While the beginning of this movie is almost the same as the beginning of the B movie; Birds start attacking humans without any reasonable explanation. As we progress, we can see the cinematic masterpiece that uses editing techniques to create nail-biting suspense.
6- Black Saturday (1963)
The structure of this film actually provided the inspiration and basic work for the initial concept of Quentin Tarantino’s Pulp Fiction. Overall, this is probably among the most popular anthology films in the horror genre.
It’s true that horror anthologies don’t usually make good movies. However, Black Saturday is an exception. Every short film is as engaging and scary as horror fans can wish for. Interestingly enough, the name of this movie was also the basis for the 1970s metal band Black Sabbath.
7. Psycho (1960)
Psycho is a hugely popular movie, with many citing the shower scene as the scariest thing ever. Although this iconic scene is probably the most famous, the entire structure of this movie is meticulously executed. There is a shocking turnaround halfway through, but the final scenes still carry a revelation that has left viewers stunned.
We can see Norman Bates here, playing one of the most memorable villains in film history. Josef Stefan’s screenplay plays a great role in our predictions as well.
8. The Haunting (1963)
This movie by Robert Wise is among the best touching movies about haunted houses. The main premise revolves around a paranormal investigator trying to determine whether or not the mansion is haunted.

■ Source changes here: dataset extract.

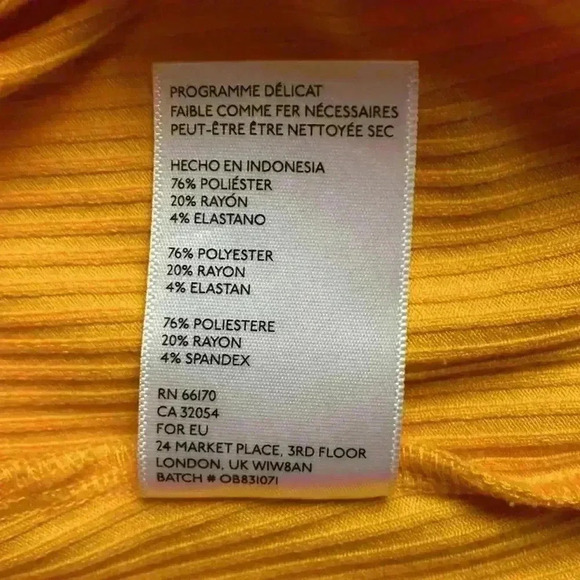 Urban Outfitters Tessa Tie Front Crop Top Size Large - Picture 9 of 9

If someone likes a good jump (or several), then watching this movie is probably one of the best choices to make. With mysterious sounds, objects in strange places, and other events, this movie plays with our minds in the most effective way possible.
9. Night of the Living Dead (1968)
Zombies may have existed as a concept before this movie, but it became a popular concept after its release. The movie has a gritty ending to it, but it’s still said to be among the best final scenes in horror movie history.

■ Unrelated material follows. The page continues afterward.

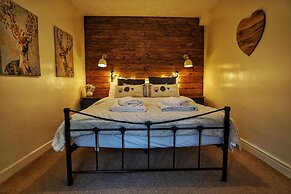 1 Bed 17th Century Stone Cottage in Rural Devon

Essentially, this is the movie that established the zombie lore, making them empty, lumbering creatures dehumanized. He also provided a social commentary on racism during the 1960s. Ultimately, this movie became a huge influence on the groundbreaking Get Out.

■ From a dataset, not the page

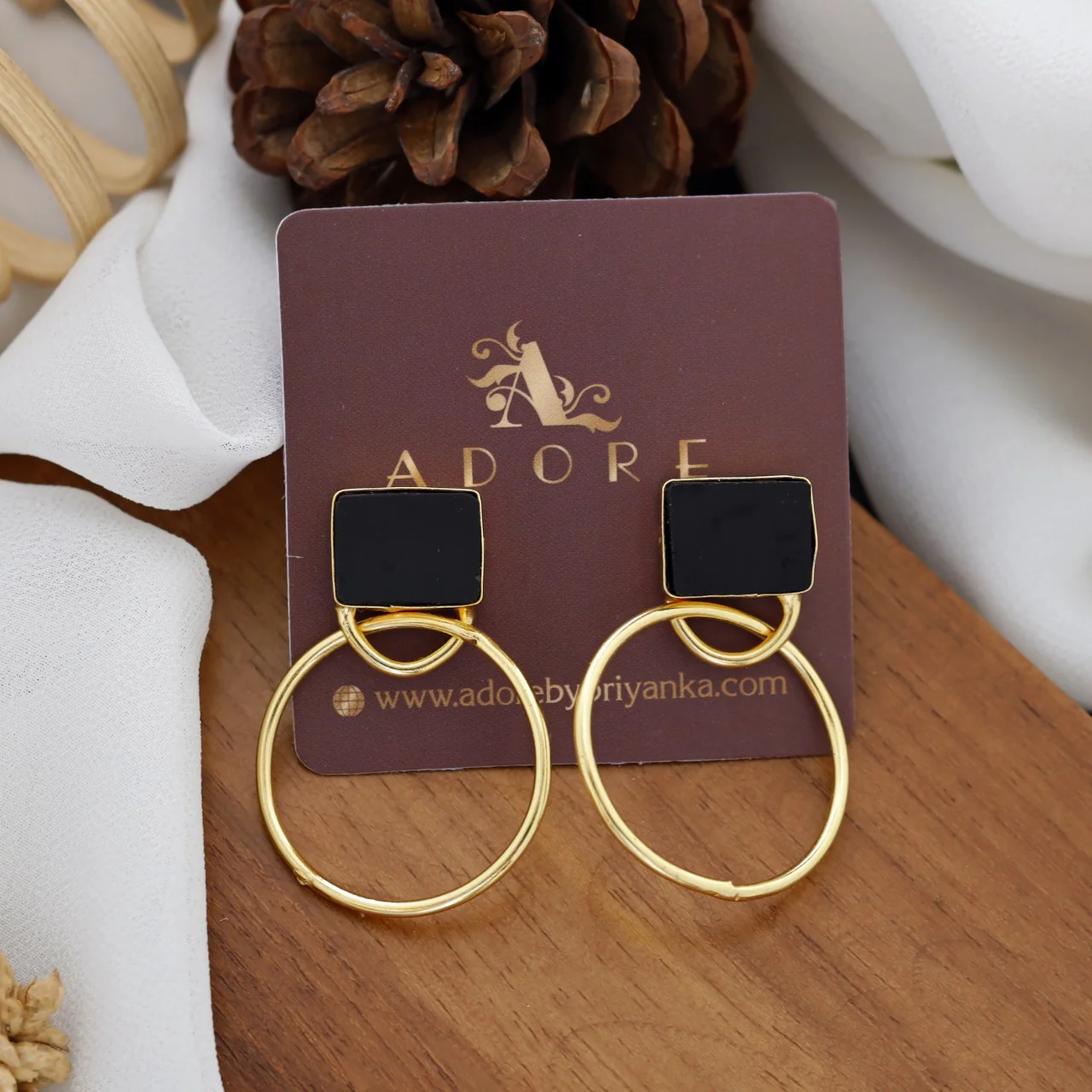 Naara Golden Circle Earring - Image 3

10. Blood and Black Lace (1964)
Some say that Mario Bava changed the horror movie script forever with this movie. He was already revered as a horror maestro, and launched a kind of Italian blood (giallo) doctrine with this work. The killings here are gruesome and stylized, with thrilling POV footage to conceal the killer’s identity.
The place here is a fashion house, where models are systematically killed. The killer wears an all black overcoat, gloves and a hat. This was to become a staple in the genre later. In one great scene, the chase takes place inside a room full of mannequins. Models are getting rid of people in the same way that the fashion industry might get rid of humans as well. Witnesses to her murder are anonymous and silent, as are people who witness the harsh practice of the industry in real life.
The best horror movies of the ’60s were very expensive, so make sure you prepare mentally before watching any of them. Scenarios, cinematic twists, and other tools create some pretty cool effects. This makes every action discussed above a must-have for any horror movie fan. After a session of the 60’s horror movie, you can unwind with the best sitcoms from the 60’s, too.